Breaking News

Surat Tegas Cak Imin ke Bahlil dan Raja Juli: Saatnya Tobat Nasuha Soal Banjir Sumatera

Menko PM Muhaimin Iskandar 

D'On, Jakarta - Menko PM Muhaimin Iskandar menggoyang meja kabinet.
Bukan dengan kemarahan, melainkan dengan secarik surat yang ia kirimkan sendiri kepada tiga koleganya: Menteri Kehutanan Raja Juli Antoni, Menteri ESDM Bahlil Lahadalia, dan Menteri Lingkungan Hidup Hanif Faisol Nurrofiq.

Dalam surat itu, ada satu ajakan yang nadanya tak biasa lebih menyerupai lonceng tanduk panjang yang dibunyikan di tengah hutan basah: evaluasi total, tanpa tedeng aling-aling.

Langkah ini lahir dari duka bertubi-tubi: banjir bandang dan longsor yang melanda Sumatera Utara, Sumatera Barat, hingga Aceh.

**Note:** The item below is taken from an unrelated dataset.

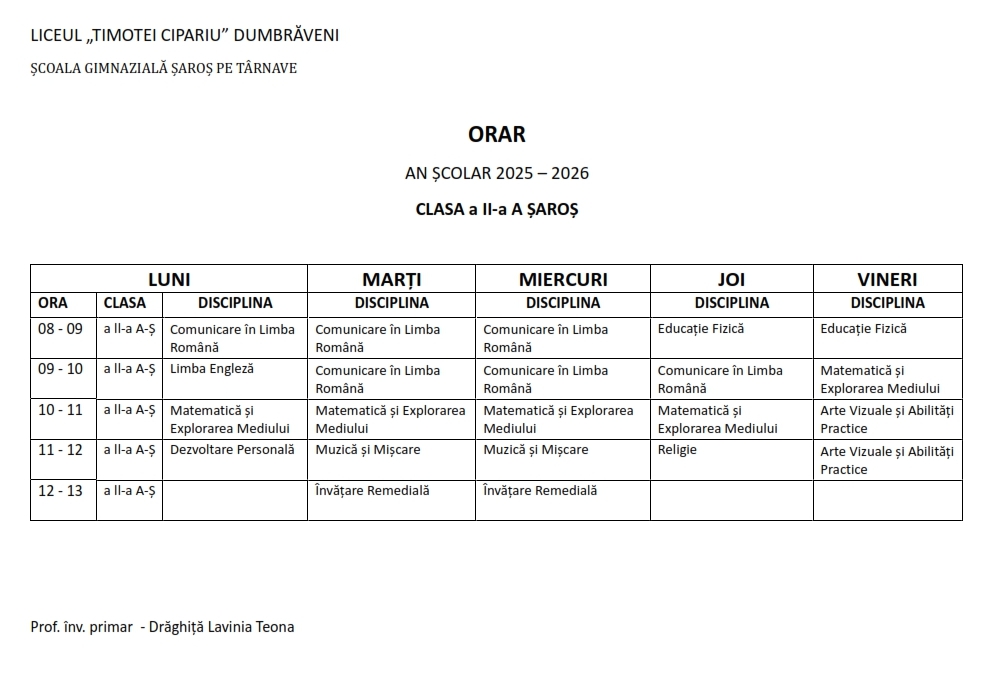 Orar primar saros 003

Seakan setiap wilayah di ujung barat Nusantara digilir oleh air yang jatuh bersama murka.

Berbicara dalam Workshop Kepala Sekolah SMK untuk program SMK Go Global di Bandung, Senin 1 Desember 2025, Muhaimin yang akrab disapa Cak Imin menjelaskan bahwa ajakan tersebut bukan sekadar imbauan moral. Di hadapan para pendidik, ia menyematkan istilah yang bagi warga Nahdliyin sarat makna batin: Tobat Nasuha.

“Sebagai wujud komitmen dan kesungguhan kita sebagai pemerintah. Bahasa NU-nya, Tobat Nasuha. Itu kuncinya,” ujar Cak Imin dari podium, seperti terlihat dalam siaran YouTube Kemenko Pemberdayaan Masyarakat.

Namun “tobat” dalam konteks pemerintah bukan ritual yang diucapkan, melainkan audit atas jejak kebijakan menggeser bangku, membalik meja, dan memeriksa setiap keputusan yang pernah ditandatangani terkait tata kelola alam.

Ia menegaskan bahwa bencana demi bencana bukan sekadar tanda alam yang tergelincir, tetapi akumulasi kelalaian manusia kelalaian yang menurutnya telah membuat “kiamat” tidak lagi metaforis.

“Dari sejak kita berpikir, melangkah, dan berbuat. Kiamat bukan sudah dekat. Kiamat sudah terjadi akibat kelalaian kita sendiri,” ucapnya, tajam seperti udara dingin yang mengiris pegunungan Sumatra.

Ketua Umum PKB tersebut menyoroti bahwa setiap akhir tahun, kalender Indonesia seperti membawa kutukan berulang: hujan ekstrem, tanah runtuh, sungai meluap, lalu korban meninggal yang jumlahnya bertambah seperti deretan angka yang enggan berhenti.

Siklus ini, tegasnya, harus diputus, dan satu-satunya cara adalah membangun ulang cara berpikir pemerintah terhadap alam dari hulu hingga hilir, dari izin lahan hingga pengawasan, dari ambisi ekonomi hingga batas-batas kesanggupan bumi menopangnya.

“November–Desember ini selalu jadi musim rawan. Maka, kebijakan-kebijakan harus dievaluasi total supaya November tahun depan tidak mengulang halaman yang sama,” tutupnya.

Nada itu bukan ancaman, bukan pula ratapan melainkan peringatan yang datang dari tengah badai: bahwa negara harus berhenti menambal banjir dengan pidato, dan mulai membedah akar kerusakannya sampai tuntas.